In the domain of osteoporotic fracture prediction, there remains a substantial need for improved performance of traditional tools such as FRAX, QFracture, and Garvan FRC when applied to patients with diabetes. Under such conditions, AI algorithm holds a bright future in enhancing the accuracy of fracture risk prediction in osteoporosis patients with diabetes. Notably, advanced AI techniques are rapidly evolving, while conventional methods such as linear regression continue to demonstrate utility.
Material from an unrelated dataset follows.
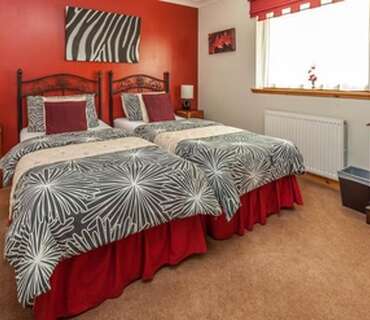 Twin En-suite Room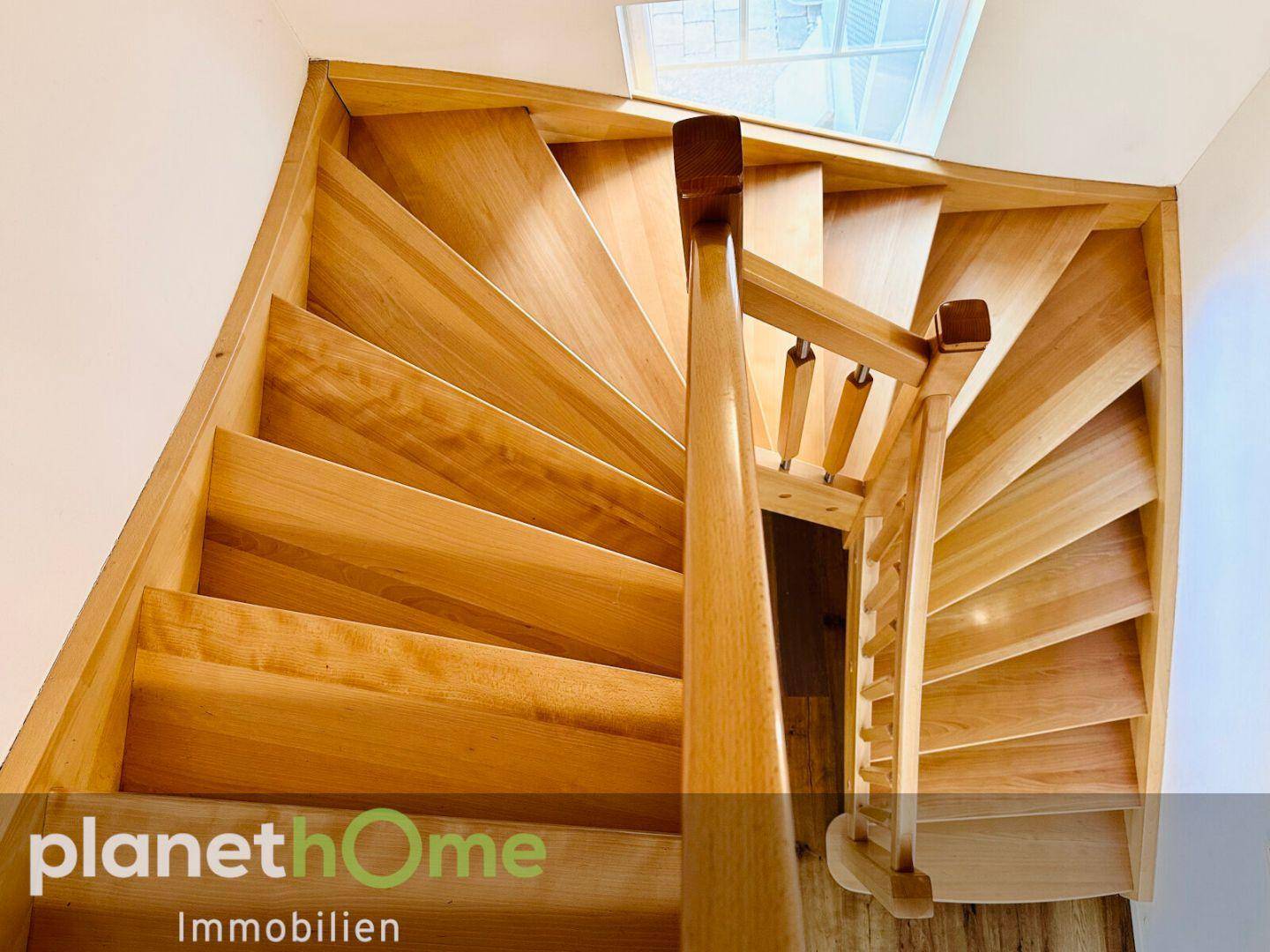 Holztreppe ins OG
However, the limitations of AI methods comprising the demand of large amount of training data, inconvenience for clinical application, and unpredictable universality of the model. To address these challenges, it is urgent to develop new machine learning models using large, real-world data sets from patients with diabetes and osteoporosis exhibiting regional or national characteristics. By leveraging these approaches, it may be possible to establish a novel, widely accepted osteoporotic fracture prediction tool that can better serve the needs of high-risk patient populations.